I found a copy of Xbox Doom 3 in a bargain bin at Whitcoulls in late 2005, I decided I had to buy it because it was in a limited edition tin, and I had never really played Doom. It also helped that it was a Friday and I would have a decent amount of time to play with it being the weekend. I did however have to wait till all the kids were in bad and my wife had retired for the evening. Then, I decided to up the ante a little, I turned off all the lights and grabbed my headphones. My first experience of Doom was going to be as immersive as possible.
Maybe a little too immersive. After about 30 minutes of gameplay, my nerves were shattered and I had to stop playing. Doom 3 was my first foray into Survival Horror, and it turned out to be a bit much for me.
Now it’s 2016, a lot of time has passed, I’m older and wiser (maybe) and I’ve played a tonne of games and watched so many films that I should be desensitized by now. So in theory, I should be able to manage a little bit of Doom, right?
Of course, this new Doom was coming to me on the Xbox One, so would look graphically a hell of a lot more realistic. Fortunately for me, this Doom is a balls to the wall all out shooter, rather than the freaky atmospheric approach of Doom 3. It’s more of a fun gorefest than a scary adventure, and that suits me just fine.

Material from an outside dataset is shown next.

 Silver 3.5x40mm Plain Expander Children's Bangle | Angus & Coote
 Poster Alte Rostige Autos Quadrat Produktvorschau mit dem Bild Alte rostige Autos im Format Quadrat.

Never before has stomping on a zombies head and watching it exploded, or ripping it’s arm off and beating it to death, been so much fun. Coupled with an adrenaline inducing, thumbing heard rock sound track, Doom has you running down corridors to meet the hounds of hell head on, utilizing a combination of gun play and mele attacks to end your foes life with a spray of crimson gunk.
Doom not only looks stunning, but it’s level design is amazing too, with plenty of places to look for collectibles, or to get almost lost exploring. But it’s the all out fun approach to kicking arse in a major 80’s action film way that wins big points. It’s just big, ballsy fun.
The single player campaign, whilst fun at the easier levels also has some serious settings, that ramp up the difficulty and presumably make it into a more knife edge of a game, with the higher setting not allowing saves or re-spawning. But that’s for the hardcore gamer. Not me.
Doom also has the essential online multiplayer aspect that any decent First Person Shooter has. It’s pretty standard fare, with the usual modes and upgrades. It’s a fun addition that will give the game great replay-ability, but for me personally, it felt too much like Halo’s multiplayer to hold my attention for long. I’d rather concentrate on painting the walls red in the single player campaign.
Rating: R1316 Contains violence and horror.